Drinking sparkling water won’t harm your teeth if it’s plain.

The American Dental Association even gives it two thumbs up, thanks to a study that showed that tooth enamel reacted the same way to sparkling water as it did regular water. The reason is because sparkling water is just water with pressurized carbon dioxide added to it and nothing else.

The American Dental Association even gives it two thumbs up, thanks to a study that showed that tooth enamel reacted the same way to sparkling water as it did regular water.

As more and more people choose healthier drink alternatives, soft drinks such as Pepsi and Coke are falling out favor and choices like sparkling water are taking the top spot with people around the United States.

Americans are now drinking nearly 170 million gallons of the bubbly water every year, according to a report by NPR. Take one sip and you’ll understand why: It has all of fizziness of soda, without all the added sugar, calories and other chemicals that can damage your teeth.

With this has come a growing debate about the bubbles and your teeth with some people claiming that sparkling teeth is just as bad for your teeth as soda. We investigate these claims to find the truth about sparkling water.

Why Sparkling Water Has Raised Concerns

Sparkling water gets a bad rap because many brands sold in stores have flavors and other ingredients added to them. These flavors are often made with acids or sugar that can erode your tooth enamel over time and cause cavities and other dental problems.

This doesn’t mean you have to stop drinking your favorite fruit-flavored sparkling water, but you should drink them in moderation. The American Dental Association also recommends drinking flavored sparkling water in one sitting — like at dinner — instead of sipping them throughout the deal. The reason: The decay-causing acids are washed away faster and don’t sit on your teeth like they would if you continually drank one throughout the day.

You can also experiment with adding natural flavors, like cucumbers and whole fruits, to your sparkling water to get the taste without the unwanted side effects of artificially flavored brands.

Can Sparkling Water Cause Other Health Problems?

While plain sparkling water is generally fine for your teeth, there’s some debate on whether it’s healthy for the rest of your body.

One 2017 study showed that sparkling water stimulated a hunger hormone in men, known as ghrelin, making them want to eat more. Eating more calories than you burn causes weight gain, so it’s thought that drinking sparkling water might make people gain more weight than they would have otherwise. Also, some companies add sugar and other ingredients to their sparkling water, which adds empty calories to your diet.

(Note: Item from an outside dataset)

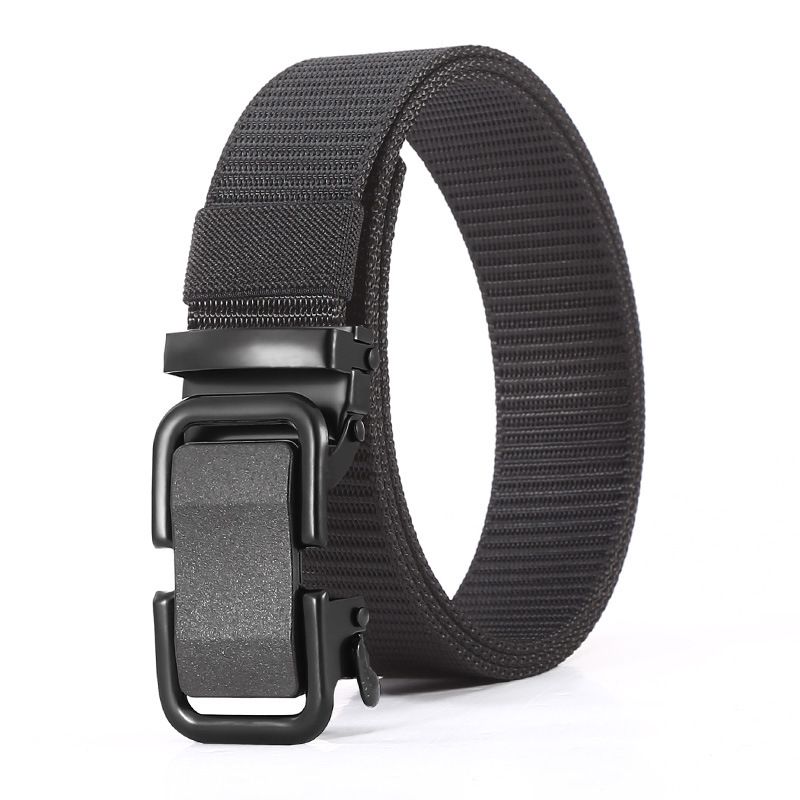 Men's Belt Automatic Buckle Belt Quick Drying Breathable No Punching Canvas Braided Belt_voghion.com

Sparkling water is also shown to cause bloating and gas, thanks to the carbonation. So it’s probably best to steer clear of it if you’re prone to upset stomach or conditions like irritable bowel syndrome (IBS).

The good news: Sparkling water won’t hurt your bones, contrary to some reports. A 2006 study found that sparkling water doesn’t affect bone density like regular colas can because it doesn’t contain phosphorus, which is shown to increase the loss of calcium in the body through the kidneys.

The Best Drink for Dental Health

It might not be as exciting as a can of fruit-flavored LaCroix, but plain water still ranks number one as the best drink for your chompers — especially if contains fluoride.

H2O with fluoride — called “nature’s cavity fighter” by the American Dental Association — is shown to help strengthen teeth and reduce decay. Need proof? All you have to do is look to our neighbors north of the border.

In 2011, the city of Calgary stopped adding fluoride to water. This inspired researchers to look into how the absence affected children’s dental health. Their findings, published in 2016 in the journal Community Dentistry and Oral Epidemiology, found that children who drank non-fluoridated water had more tooth decay than children living in another Canadian city, Edmonton, with access to fluoridated water.

Water — fluoridated or not — helps wash away the natural bacteria and food particles left behind when we eat, preventing decay and cavities. It also helps with saliva production and it’s calorie free, meaning you won’t gain weight from drinking it (only temporary water weight until you go to the bathroom!).

Water — whether plain or sparkling — is always the best choice for healthy teeth. So, drink up!